-- Dataset entries follows --

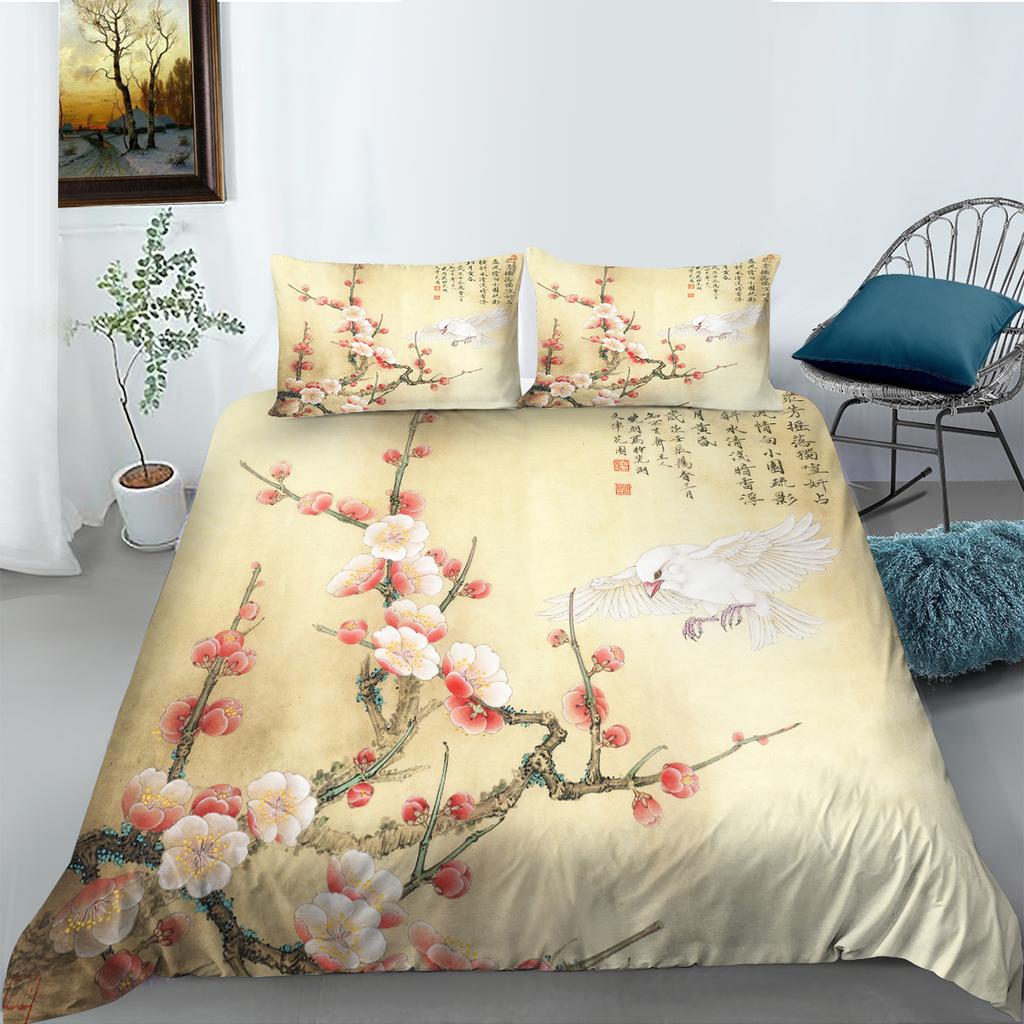 Постельное белье с рисунком 3D-пейзажа, односпальная двуспальная кровать, полноразмерная наволочка и пододеяльник, печать с изображением моря и растений, украшение дома из материала из микрофибры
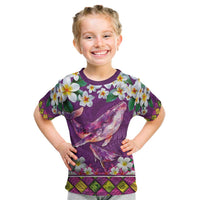 Hawaiian Plumeria and Humpback Whales Kid T Shirt Polynerian Art Tattoo-Mauve Color LT03 Purple - Polynesian Pride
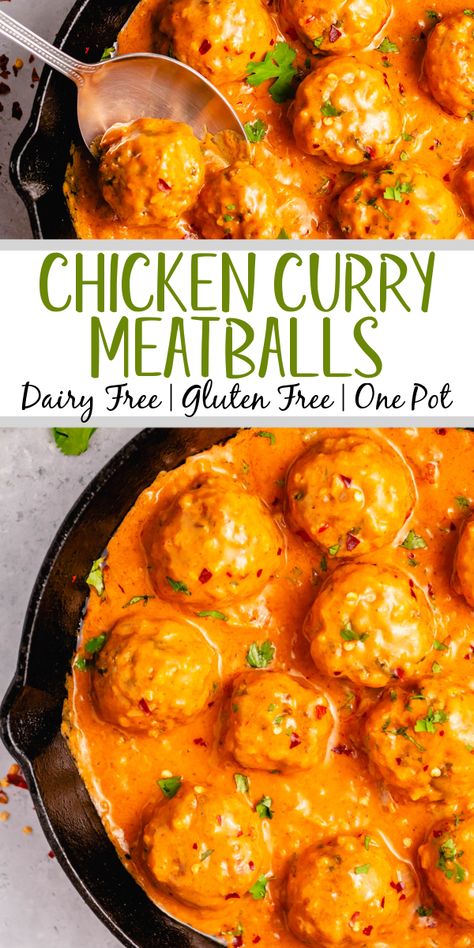 These Whole30 curry chicken meatballs are the perfect weeknight dinner recipe. Made on the stovetop, these gluten free ground chicken meatballs are dairy free, low carb and are done in one skillet. If you're looking for a dinner that is both healthy and delicious while keeping your cleanup to a minimum, give this curry chicken meatball recipe a go! #chickenmeatballs #glutenfreerecipes #dairyfreerecipes #whole30chicken Recipes No Dairy, Whole30 Curry, Chicken Recipes No Dairy, Dairy Free Meatballs, Curry Chicken Meatballs, Ground Chicken Recipes Healthy, Chicken Meatballs Healthy, Ground Chicken Meatballs, Winter Dinners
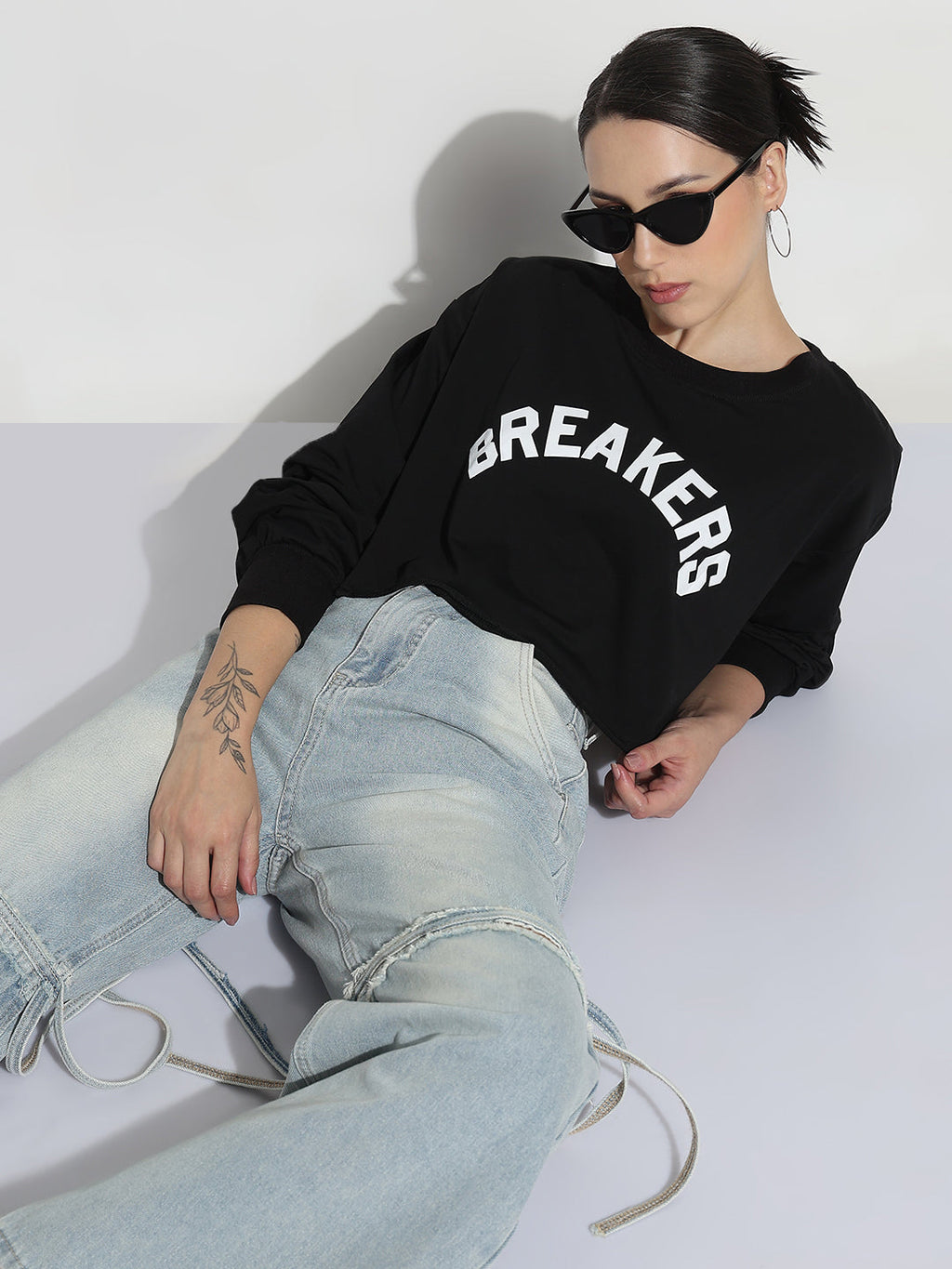 Women's Typography Black Crew Neck Crop Top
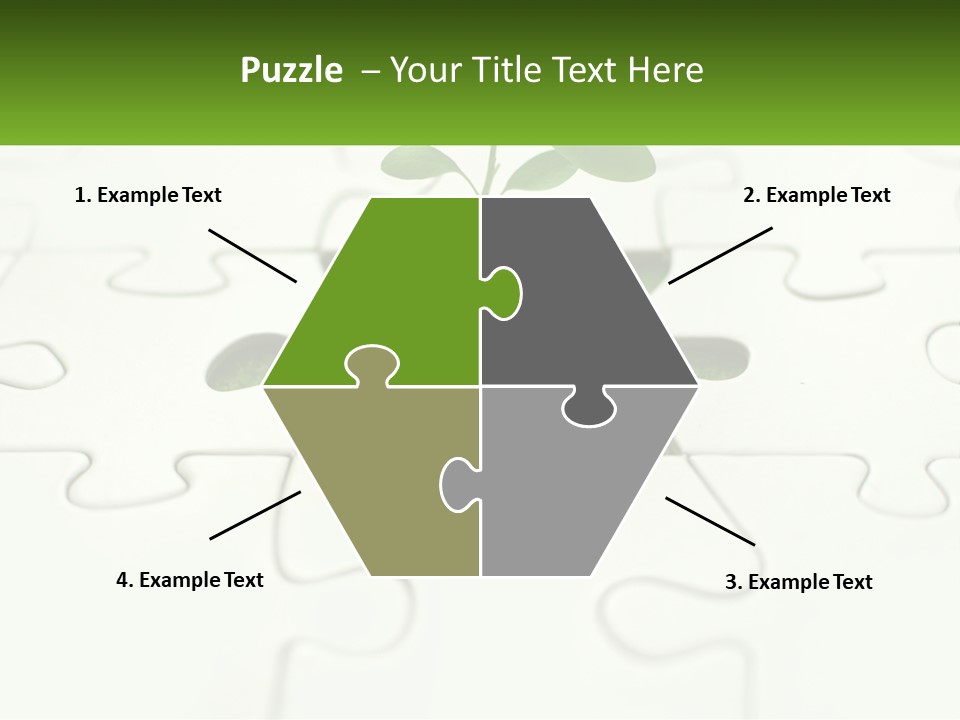 A Piece Of Puzzle With A Plant Growing Out Of It PowerPoint Template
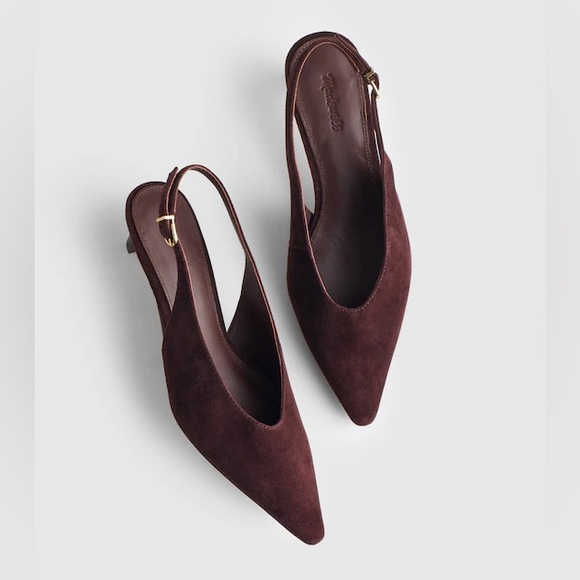 Madewell Shoes - Women's Pointed Toe Slingback Heels in Deep Burgundy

-- Dataset entries concluded --

◆ **Exercise instructions**: The copy should start at the line that contains "Hawaiian Plumeria and", end at the last line of the entries above, and match each line exactly, with pictures dropped.

◆ **Answer space**:
 Hawaiian Plumeria and Humpback Whales Kid T Shirt Polynerian Art Tattoo-Mauve Color LT03 Purple - Polynesian Pride
 These Whole30 curry chicken meatballs are the perfect weeknight dinner recipe. Made on the stovetop, these gluten free ground chicken meatballs are dairy free, low carb and are done in one skillet. If you're looking for a dinner that is both healthy and delicious while keeping your cleanup to a minimum, give this curry chicken meatball recipe a go! #chickenmeatballs #glutenfreerecipes #dairyfreerecipes #whole30chicken Recipes No Dairy, Whole30 Curry, Chicken Recipes No Dairy, Dairy Free Meatballs, Curry Chicken Meatballs, Ground Chicken Recipes Healthy, Chicken Meatballs Healthy, Ground Chicken Meatballs, Winter Dinners
 Women's Typography Black Crew Neck Crop Top
 A Piece Of Puzzle With A Plant Growing Out Of It PowerPoint Template
 Madewell Shoes - Women's Pointed Toe Slingback Heels in Deep Burgundy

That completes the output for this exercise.